▶ Recorded information
╭──

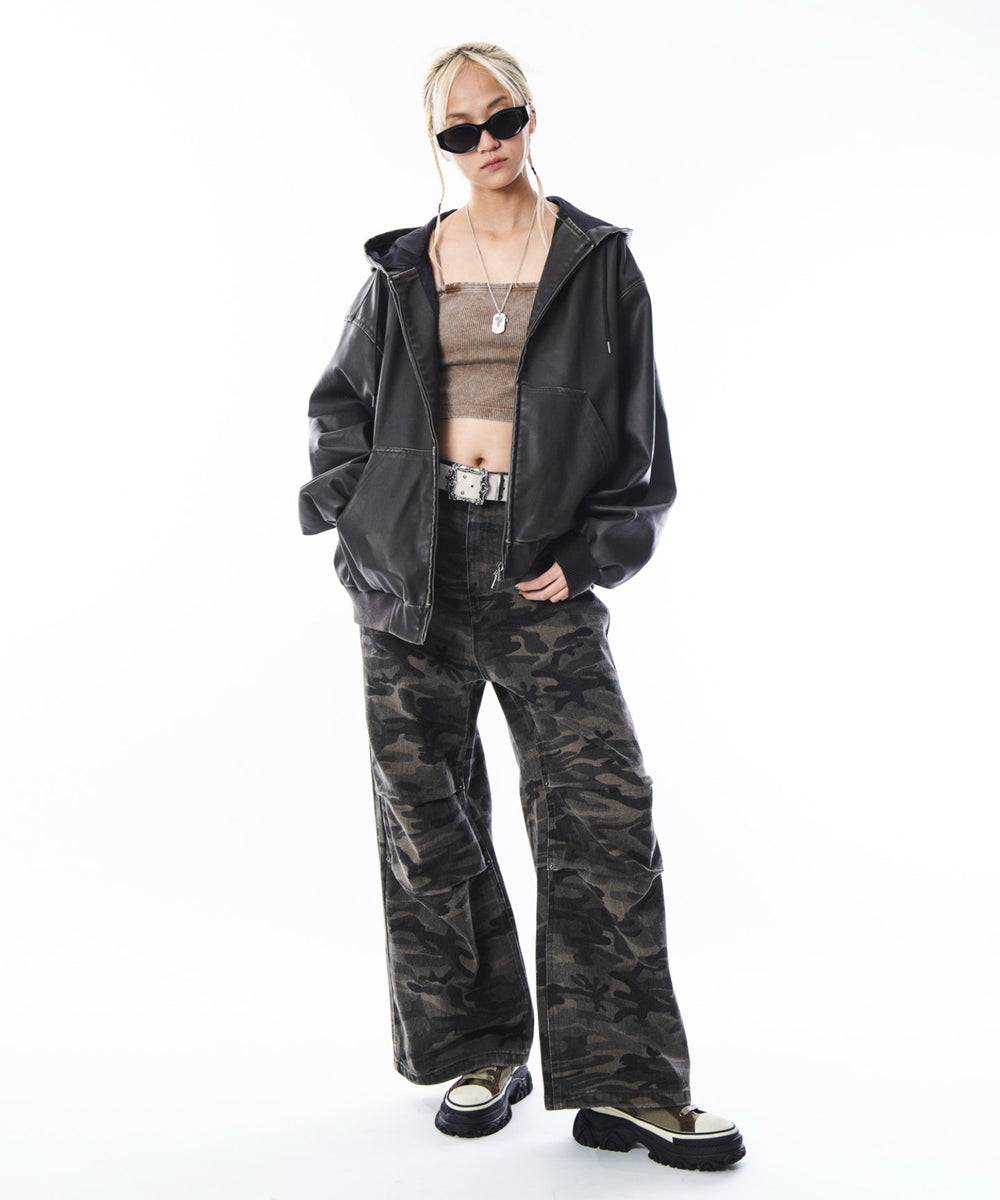 ブラウン　モデル：172cm M着用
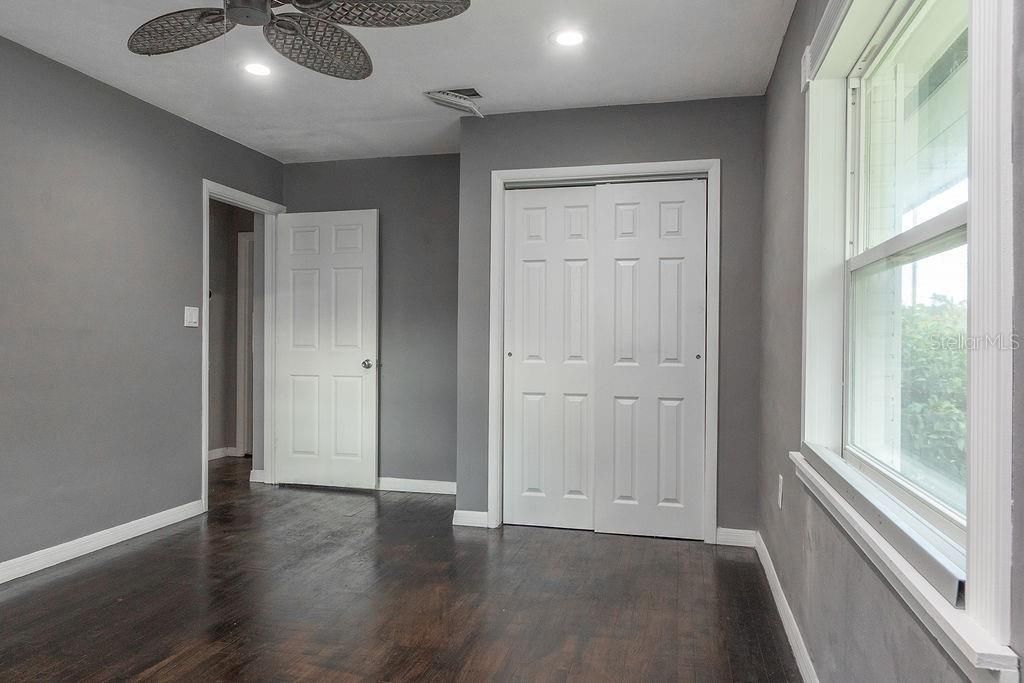 出租: $1,750 (2 贝兹, 1 浴室, 1104 平方英尺)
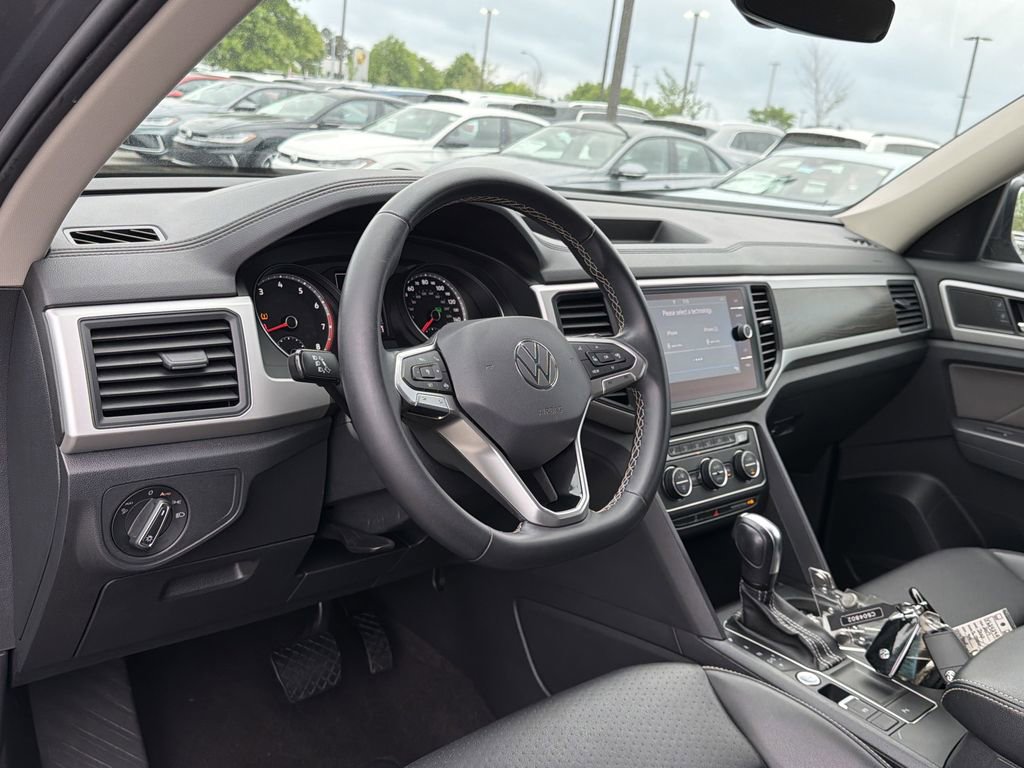 Used 2021 Volkswagen Atlas SE image 10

╰──

▶ Problem
Only the pictures are dropped. Otherwise, write out the listing exactly.

▶ Exercise answer
 ブラウン　モデル：172cm M着用
 出租: $1,750 (2 贝兹, 1 浴室, 1104 平方英尺)
 Used 2021 Volkswagen Atlas SE image 10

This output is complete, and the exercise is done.